Prior to my diagnosis, I had absolutely no idea celiac disease existed. After seeing nine different doctors, who all diagnosed me with stress, anxiety, and female-induced issues, I finally found a doctor who sent me immediately to a gastroenterologist, who finally sent me for an endoscopy. Within 24 hours of that being performed, my diagnosis was concrete.

How long did it take for you to get diagnosed since your first symptoms? 

A gastroenterologist made the diagnosis, with help from my current general practitioner.

It took almost a year for me to be diagnosed, with hundreds spent on doctors and tests! I honestly thought I was going crazy—they said there was nothing wrong and it was all in my head, that I was a typical teenager with general anxiety. That psychological load meant that I withdrew from everyone around me, I stopped going out, I stopped eating, and I locked myself away, wondering if this would be how I felt for the rest of my life.

It was incredibly isolating, which meant my mental health also went on the back burner.

Do you believe anything could have sped up your diagnosis?

Absolutely—unfortunately, the healthcare system in Australia is only just now catching up, even including celiac serology into routine blood work when individuals present with abdominal issues.

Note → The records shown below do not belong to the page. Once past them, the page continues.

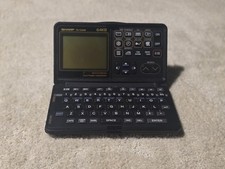 ? Sharp ZQ-5300M Multilingual Electronic Organizer (64KB) – Vintage anni ’90...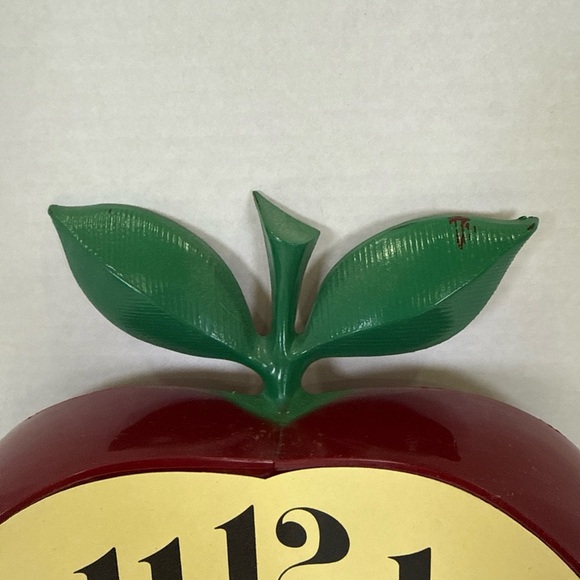 1970s Ingraham Red Plastic Apple Wall Clock Cottage Core granny Core WORKING! - Picture 4 of 12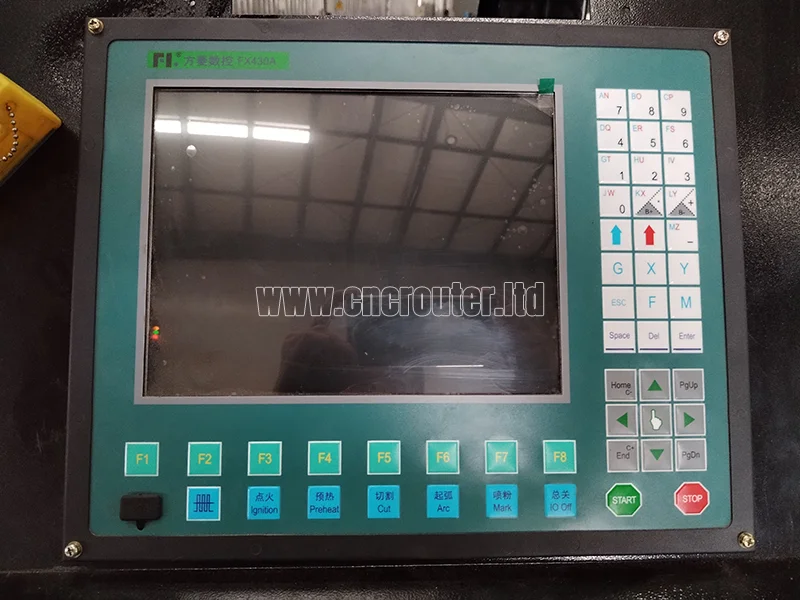 Sistema de plasma cnc FX430A panel de operación y monitor.jpg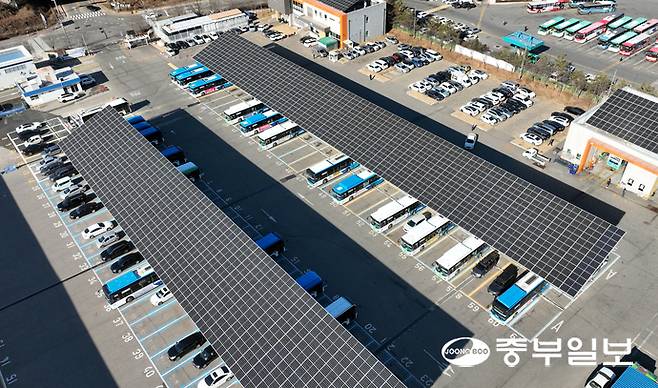 탄소중립을 이유로 도내 전기버스 수가 늘어나는 반면, 화재 시 대처하기 위한 대책은 미흡하다는 지적이 나오는 가운데 12일 오전 경기도내 한 버스차고지에 전기버스들이 줄지어 주차돼 있다. 김경민기자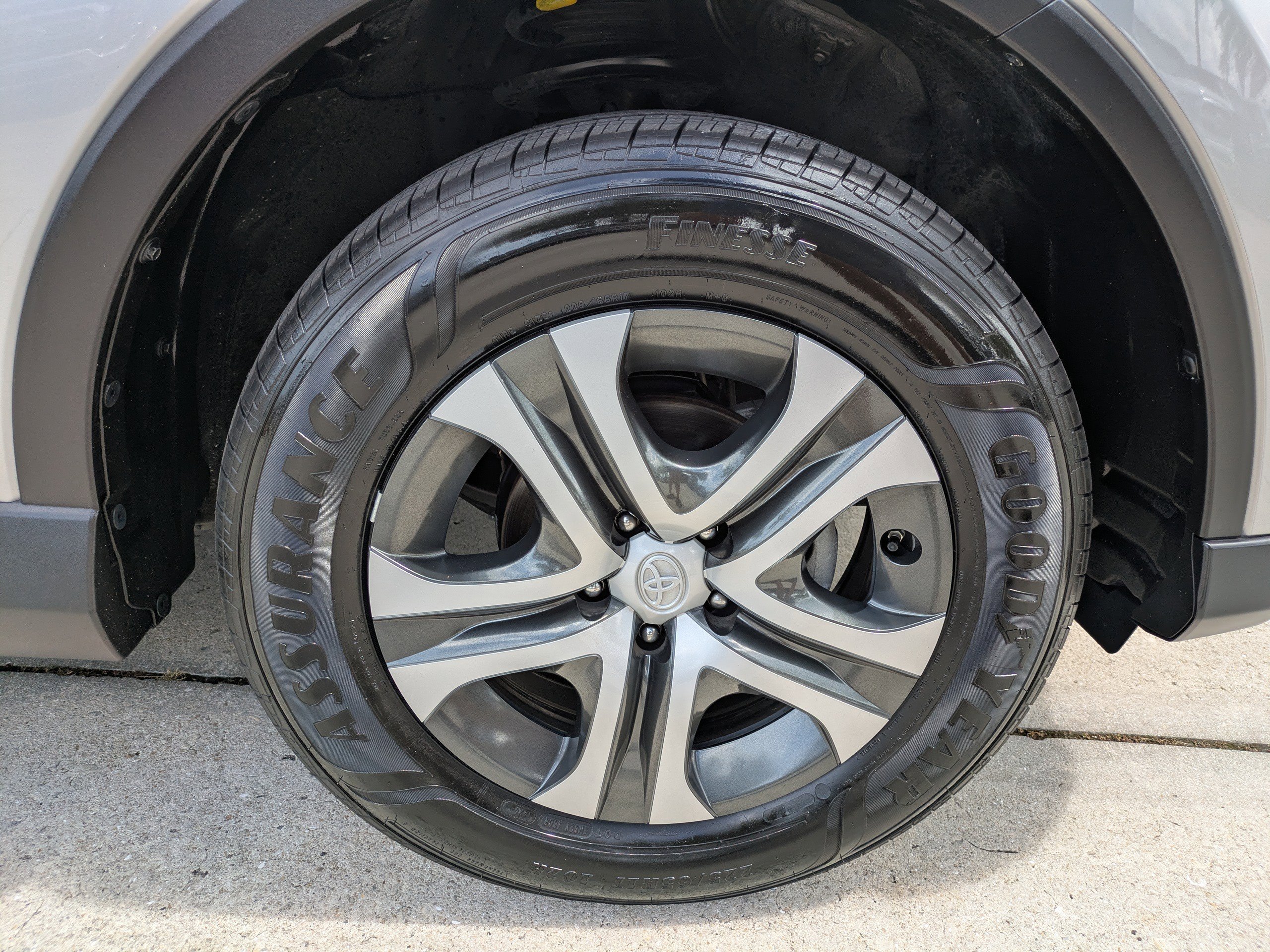 Used 2018 Toyota RAV4 LE w/ All Weather Liner Package FWD image 11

If the first doctor I had gone to had just run a celiac test or sent me to a specialist, I would have avoided months and months of psychological and physical distress, and my body would have gotten the help it so desperately needed earlier.

Describe your experience living with celiac disease.

It was incredibly isolating, especially once I learnt about cross-contamination! So much of my social events revolved around dining out, or fun dinners at my friends houses—much of which I can no longer do.

I find it exhausting some days to constantly be vigilant with every single thing I eat, drink and product I use, and I do feel that I have limited trust to anyone around me preparing my food.

I am my own advocate and I am all my body has to ensure a long and healthy life. It might seem exhausting but places like Beyond Celiac are so incredibly helpful and provide hope for the future!

What would a cure mean for you?

A cure would mean simplicity [and] easy living—no stress, no anxieties around food, and not feeling so isolated. Gluten-free foods are also significantly more expensive than regular food—for something we can’t help, it seems pretty unfair.

Please always advocate for yourself and your body—if something feels wrong, don’t let anyone push you away until you get to the bottom of it. You know yourself and you know your body, you are capable and you are strong!